Friday, December 31, 2010
Internationalization of Renminbi-XI
One week before the G20 summit in Toronto, the Chinese central bank, People’s Bank of China announced “Further Reform the RMB Exchange Rate Regime and enhance the RMB Exchange Rate flexibility” at night of 19 June 2010. “In further proceeding with reform of the RMB exchange rate regime, continued emphasis would be placed on reflecting market supply and demand with reference to a basket of currencies. The exchange rate floating bands will remain the same as previously announced in the inter-bank foreign exchange market. China’s external trade is steadily becoming more balanced.

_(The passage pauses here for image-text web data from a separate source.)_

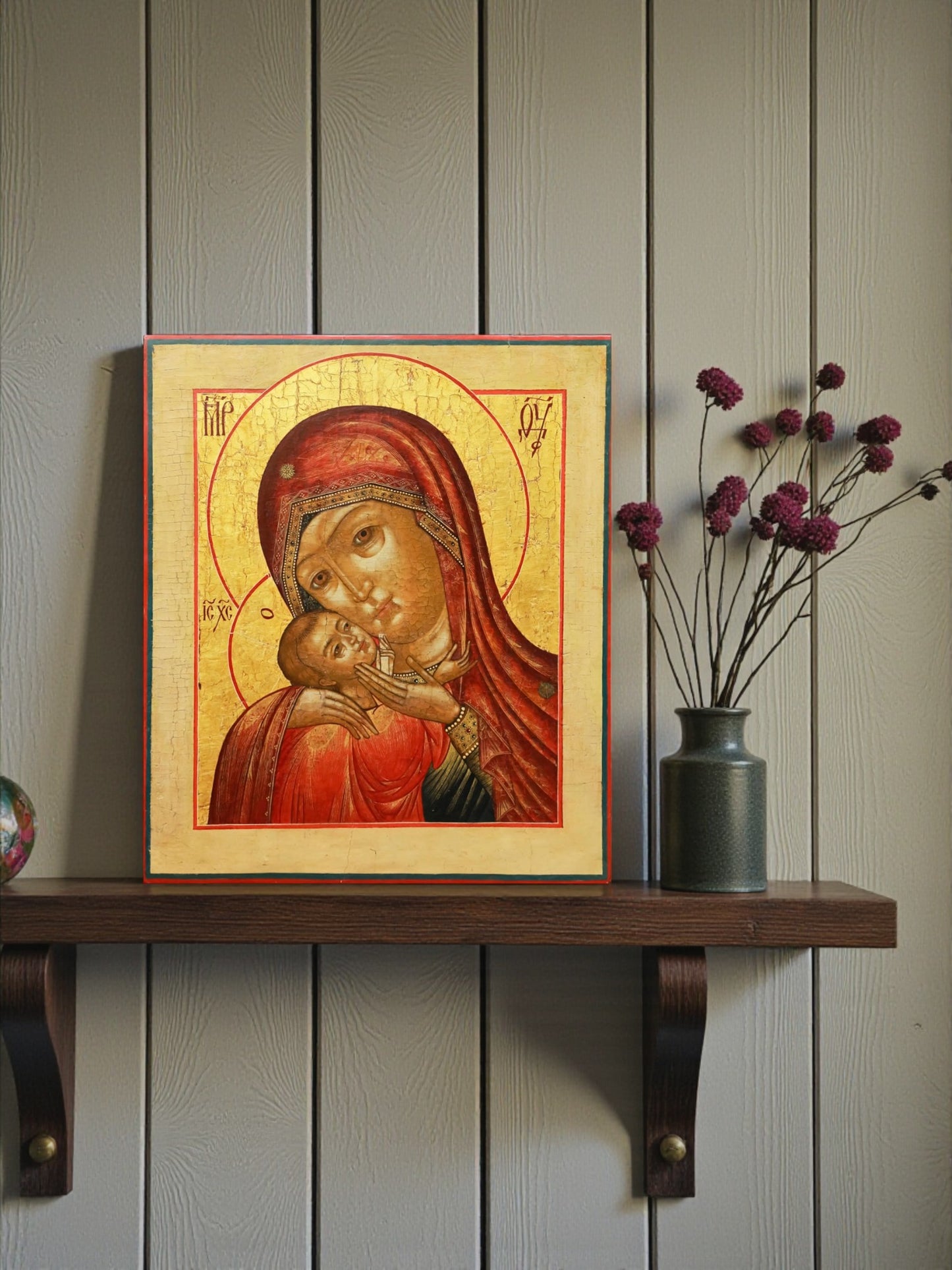 The icon belongs to the iconographic type Eleusa ("Tenderness" or "Compassion") in its abbreviated, shoulder-length variant, where the Mother of God and Christ Child are shown in a tender maternal embrace, symbolizing God's love for humanity.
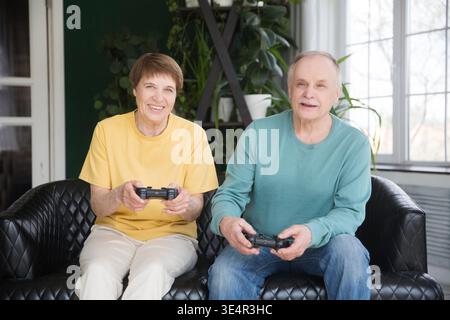 si sta godendo una battaglia virtuale. Concetto di Home Entertainment. Una coppia felice di anziani gioca ai videogame con le console insieme a casa sedute sul divano || modello rilasciato Foto Stock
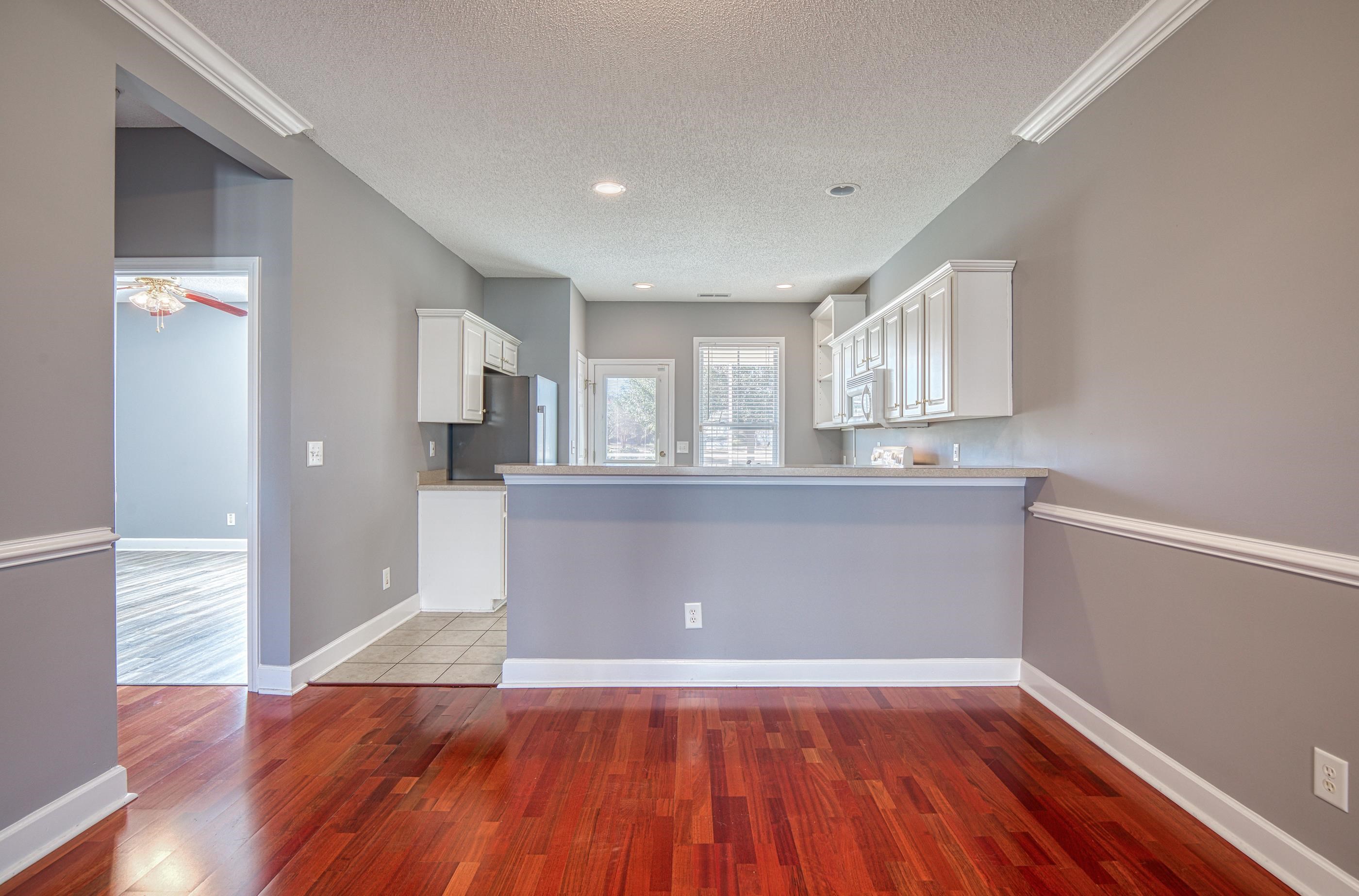 205 Threshing Way, Unit 1050 Myrtle Beach, SC 29579 - Photo 8 of 40 Kitchen with white cabinets, dark wood-style floors, light countertops, a textured ceiling, and recessed lighting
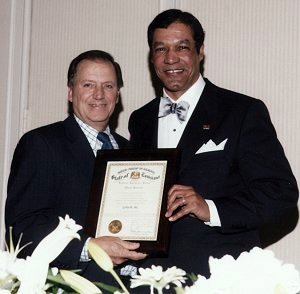 Leonard Kleinpeter, representing Governor Kathleen Babineaux-Blanco's office presents Rhaoul A. Guillaume, Sr. with the proclamation from the State of Louisiana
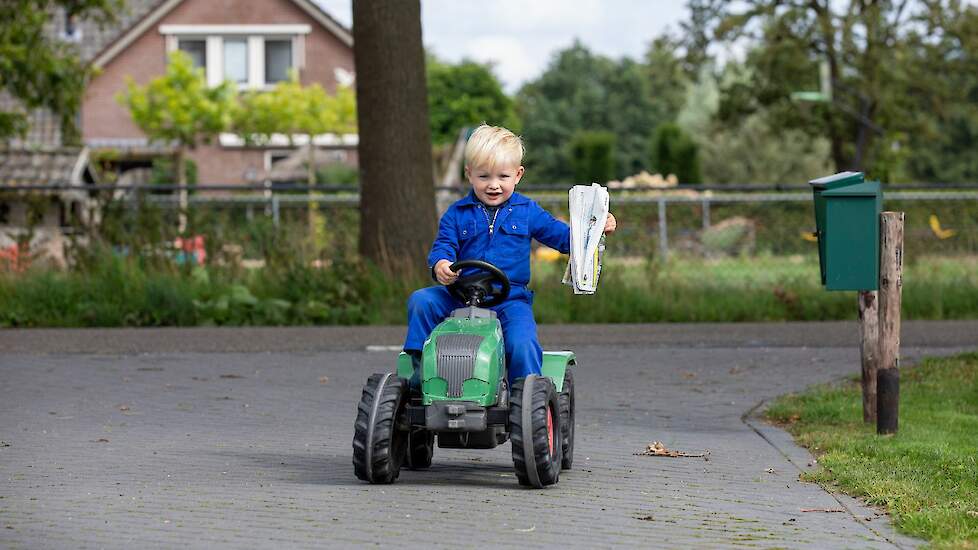 Kindje op speelgoedtrekker in overal met een vakblad in de hand.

The ratio of current account surplus to GDP, after a notable reduction in 2009, has been declining since the beginning of 2010. With the BOP account moving closer to equilibrium, the basis for large-scale appreciation of the RMB exchange rate does not exist. The People’s Bank of China will further enable market to play a fundamental role in resource allocation, promote a more balanced BOP account, maintain the RMB exchange rate basically stable at an adaptive and equilibrium level, and achieve the macroeconomic and financial stability in China (Web of the People’s Bank of China).” Many countries including US Treasury secretary Tim Geithner, French President Nicolas Sarkozy, Russian Finance Minister Alexei Kudrin, the European Commission, and Japan’ finance ministry, praised the Chinese decision regarding the flexibility of Renminbi or yuan. By September 2010, banks in Japan, such as Bank of Tokyo-Mitsubishi UFJ, Mizuho Corporate Bank, and SMBC, started services that allow Japanese companies and individuals to open yuan-denominated accounts in Japan.